Pavel Timofeev, Head of the Regional Problems and Conflicts Sector at the IMEMO of the Russian Academy of Sciences, shared with Izvestia the opinion that Macron's cabinet does not want the loan to Ukraine to specifically refer to Russian money that is in France. There are two points here: image and economic.
— First of all, Macron understands that the reputational risks of such an operation are very high. If the EU confiscates funds in disregard of legal restrictions, it is unlikely that in the future third countries will consider the territory as a reliable guarantor of private property. If they find a legally sound way to seize Russian assets, France will most likely support this decision. Secondly, Paris cares about the French economy, which is going through difficult times: it needs stability guarantees for investors and bank depositors," the expert concluded.
All the gold that glitters
Information about specific amounts held in EU banks is classified. Due to the stagnation of the European economy, Russian assets are becoming an important link in the chain separating the European Union from collapse and bankruptcy. Another idea regarding the funds of the Russian Federation is as follows: the confiscation of € 100 billion in favor of the United States. However, the EU, and especially France, reacted to this with great skepticism. Experts suggest that the possible reason for this reaction is due to the fact that all proceeds from the placement in Euroclear have already been used to cover loans to Ukraine, and transferring them to Washington would lead to a deficit in the European budget.
This situation also explains why, probably, a significant part of the Russian funds frozen in the EU outside Belgium remains hidden.

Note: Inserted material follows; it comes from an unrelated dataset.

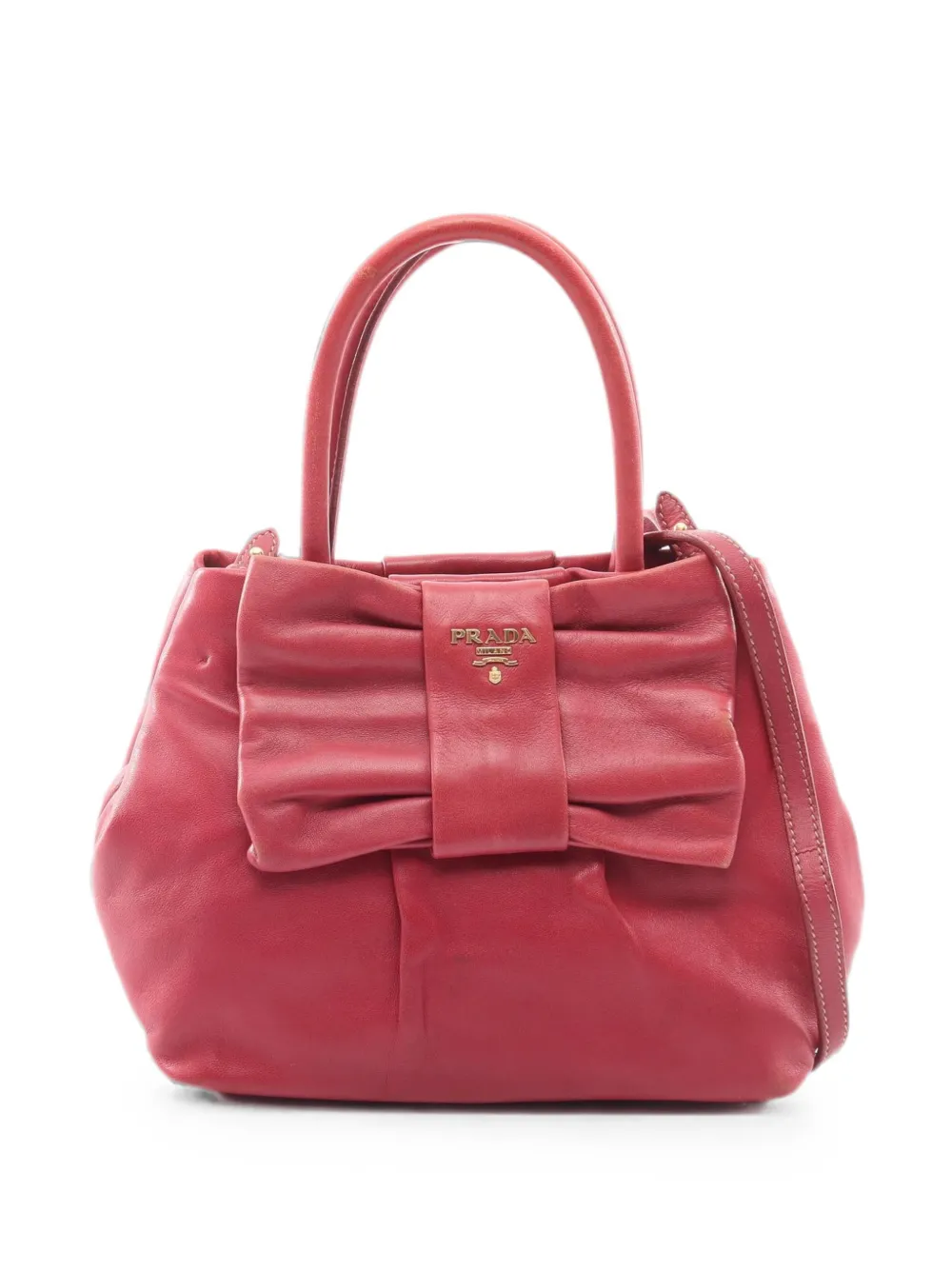 Prada Pre-Owned 2000s Nappa Fiocco handbag - Rot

It is believed that some of the resources could have been used by European governments not quite "honestly", therefore, US intervention carries the risk of revealing sensitive information. In this regard, it seems safer for the European Union to delay the process and formalize the expropriation of assets in its favor. If some unpleasant details come out and it turns out that the assets of the Russian Federation have "gone somewhere", then the EU may well face a major international scandal.